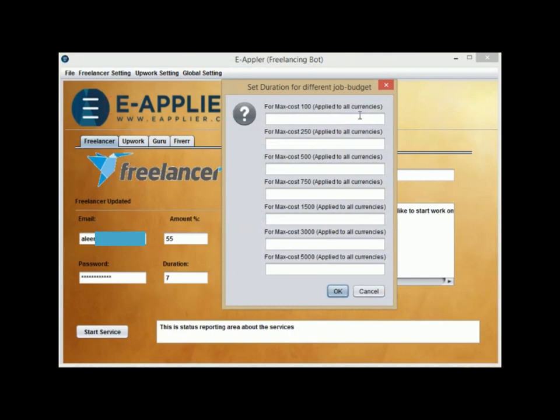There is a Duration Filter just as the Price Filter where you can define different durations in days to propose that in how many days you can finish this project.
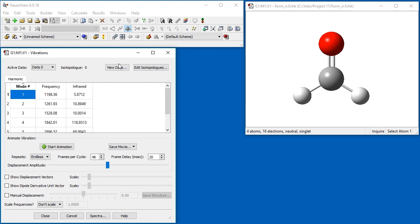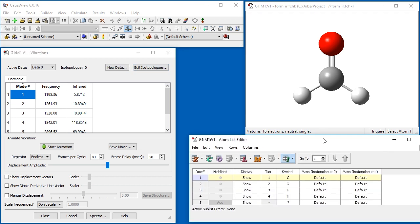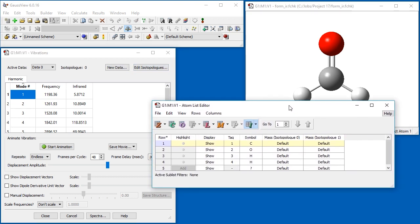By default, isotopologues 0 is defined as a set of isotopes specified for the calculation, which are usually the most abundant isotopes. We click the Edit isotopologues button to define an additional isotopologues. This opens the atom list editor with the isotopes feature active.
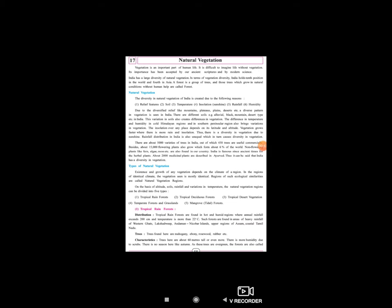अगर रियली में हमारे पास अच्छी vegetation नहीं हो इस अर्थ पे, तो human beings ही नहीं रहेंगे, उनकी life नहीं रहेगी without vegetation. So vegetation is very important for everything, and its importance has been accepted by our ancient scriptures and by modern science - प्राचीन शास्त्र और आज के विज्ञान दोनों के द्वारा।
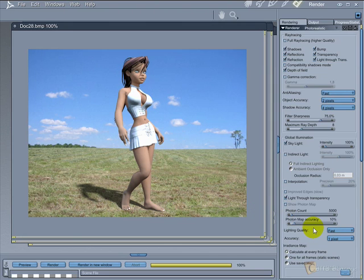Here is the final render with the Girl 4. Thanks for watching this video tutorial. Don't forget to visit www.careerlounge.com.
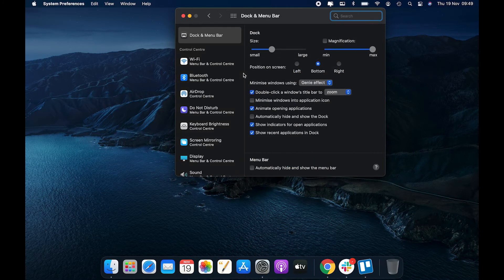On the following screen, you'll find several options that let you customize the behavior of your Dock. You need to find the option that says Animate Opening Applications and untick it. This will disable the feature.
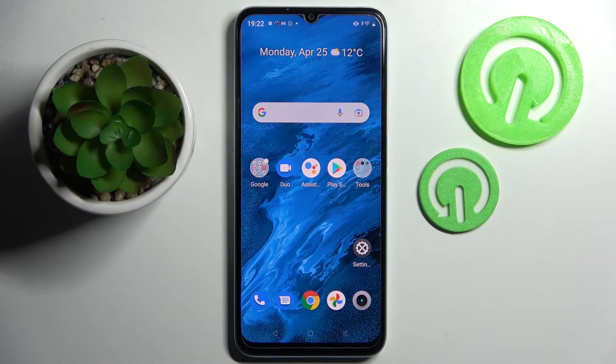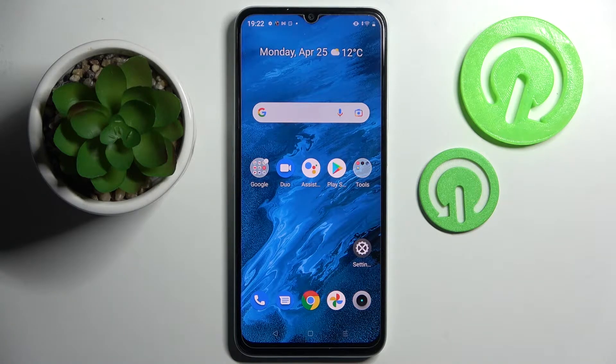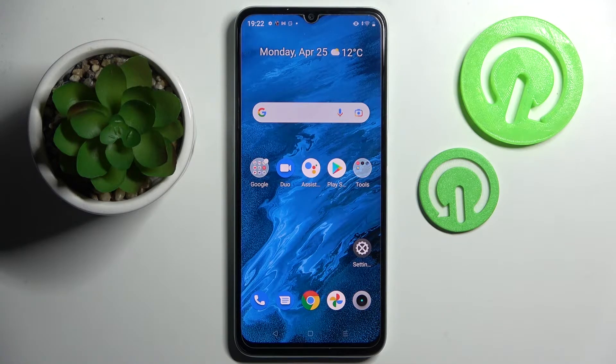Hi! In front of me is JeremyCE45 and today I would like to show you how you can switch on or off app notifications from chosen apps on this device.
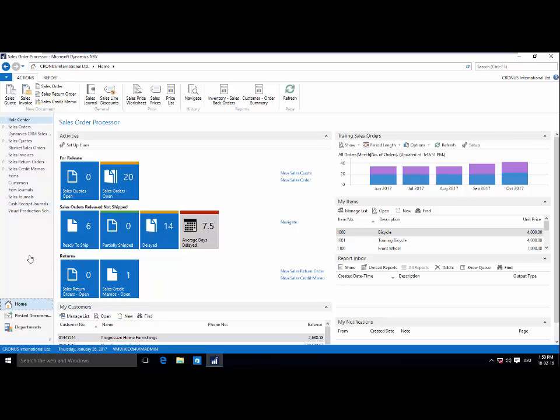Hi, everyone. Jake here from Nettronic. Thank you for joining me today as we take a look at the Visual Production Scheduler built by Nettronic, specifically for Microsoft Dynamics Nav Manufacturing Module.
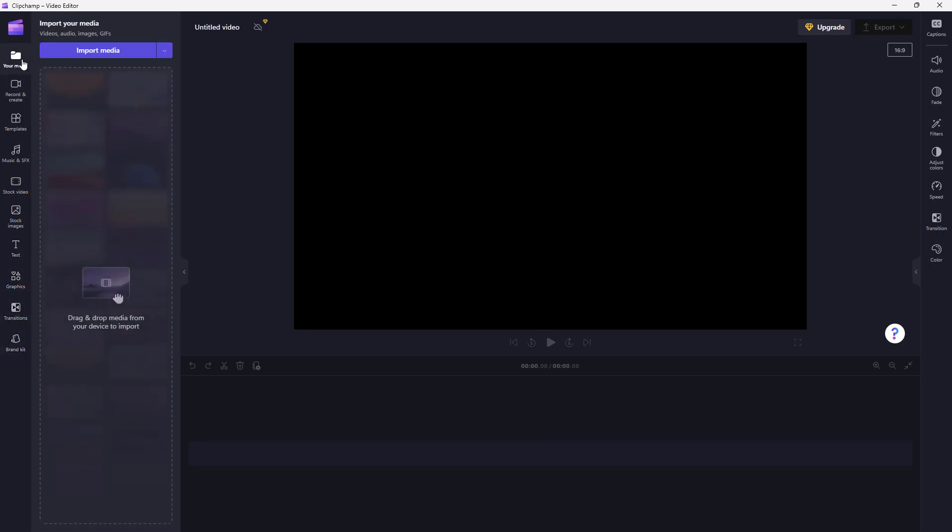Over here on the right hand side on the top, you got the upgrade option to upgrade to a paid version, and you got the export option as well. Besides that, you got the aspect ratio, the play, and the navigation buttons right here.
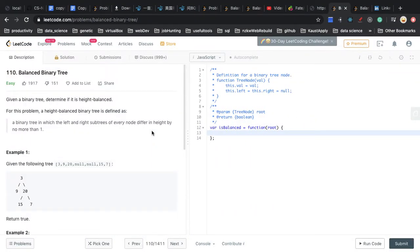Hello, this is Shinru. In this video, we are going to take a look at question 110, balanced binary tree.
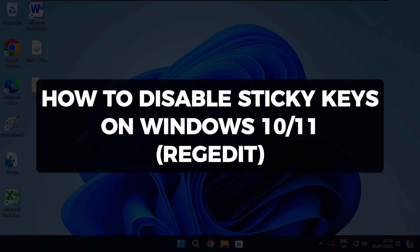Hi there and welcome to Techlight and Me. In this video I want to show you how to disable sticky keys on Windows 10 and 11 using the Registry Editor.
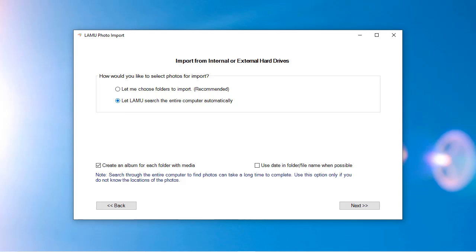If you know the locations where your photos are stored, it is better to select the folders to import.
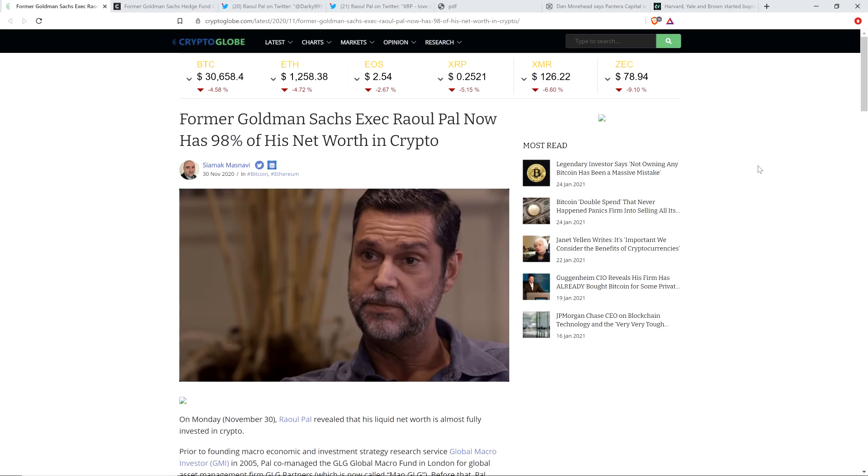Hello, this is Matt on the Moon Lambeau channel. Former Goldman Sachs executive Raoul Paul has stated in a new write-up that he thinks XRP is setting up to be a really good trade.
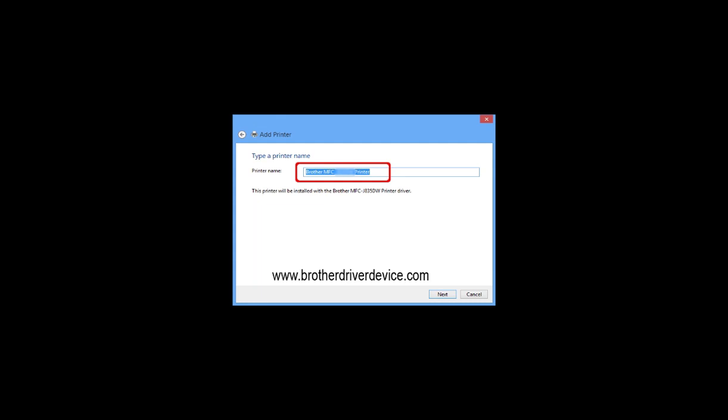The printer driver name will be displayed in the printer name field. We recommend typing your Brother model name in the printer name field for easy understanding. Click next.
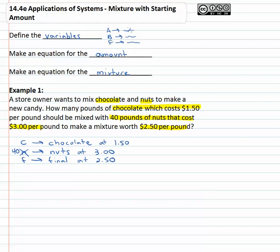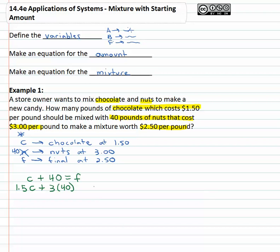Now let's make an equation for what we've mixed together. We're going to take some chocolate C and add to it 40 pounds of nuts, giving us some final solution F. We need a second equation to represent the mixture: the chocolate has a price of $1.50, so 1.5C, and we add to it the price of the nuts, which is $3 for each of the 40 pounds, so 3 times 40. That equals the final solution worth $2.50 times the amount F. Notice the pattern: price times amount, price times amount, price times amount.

---

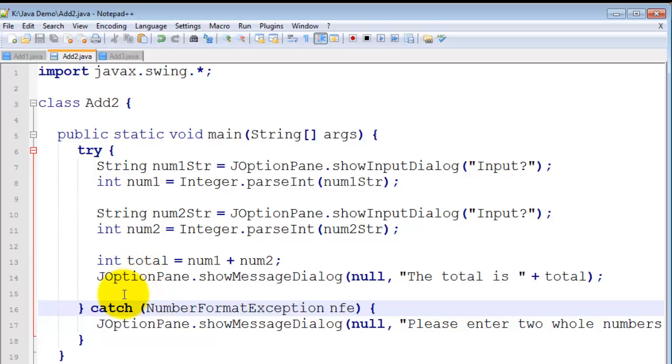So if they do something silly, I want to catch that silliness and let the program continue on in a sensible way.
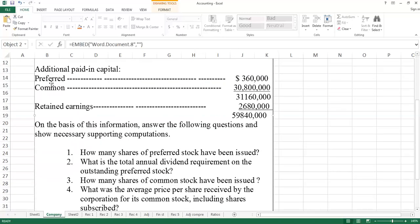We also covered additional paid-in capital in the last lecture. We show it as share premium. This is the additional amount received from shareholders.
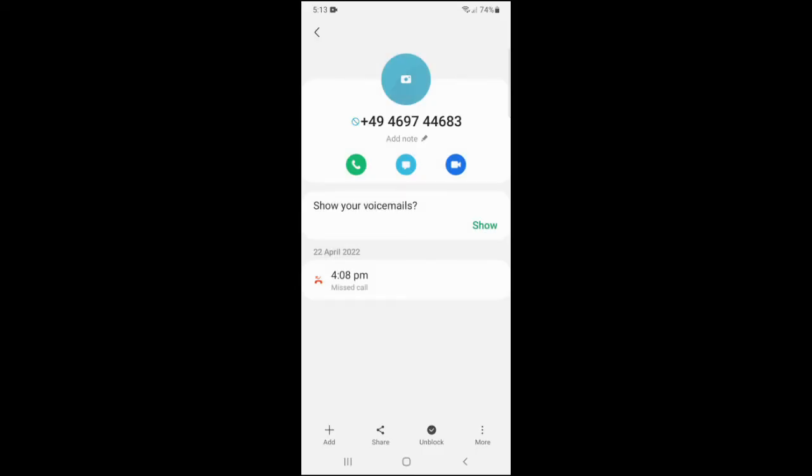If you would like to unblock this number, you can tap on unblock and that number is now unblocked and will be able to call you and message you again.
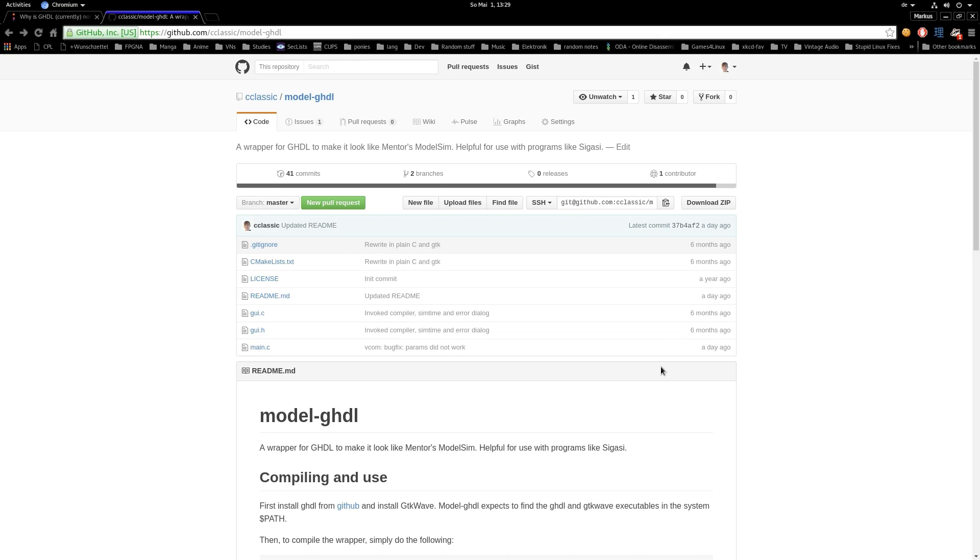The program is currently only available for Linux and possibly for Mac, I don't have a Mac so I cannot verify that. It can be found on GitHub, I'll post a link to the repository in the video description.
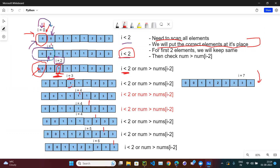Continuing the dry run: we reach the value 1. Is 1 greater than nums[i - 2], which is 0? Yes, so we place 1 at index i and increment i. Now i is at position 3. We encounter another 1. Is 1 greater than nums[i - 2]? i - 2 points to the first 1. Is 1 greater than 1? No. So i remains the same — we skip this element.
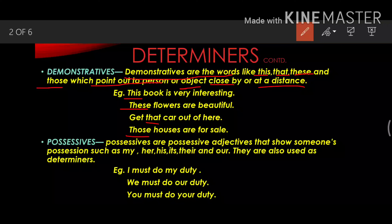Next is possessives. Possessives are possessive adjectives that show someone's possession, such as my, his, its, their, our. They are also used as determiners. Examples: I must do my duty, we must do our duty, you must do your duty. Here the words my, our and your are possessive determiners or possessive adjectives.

ACTIVITY:
For the material above, give again only the lines starting at the line that contains "Hello, this is Shinru." and ending at the line that contains "Hello, this is Matt". Pictures do not belong in the copy.

ANSWER TO THIS EXERCISE:
Hello, this is Shinru. In this video, we are going to take a look at question 110, balanced binary tree.
Hi there and welcome to Techlight and Me. In this video I want to show you how to disable sticky keys on Windows 10 and 11 using the Registry Editor.
If you know the locations where your photos are stored, it is better to select the folders to import.
Hello, this is Matt on the Moon Lambeau channel. Former Goldman Sachs executive Raoul Paul has stated in a new write-up that he thinks XRP is setting up to be a really good trade.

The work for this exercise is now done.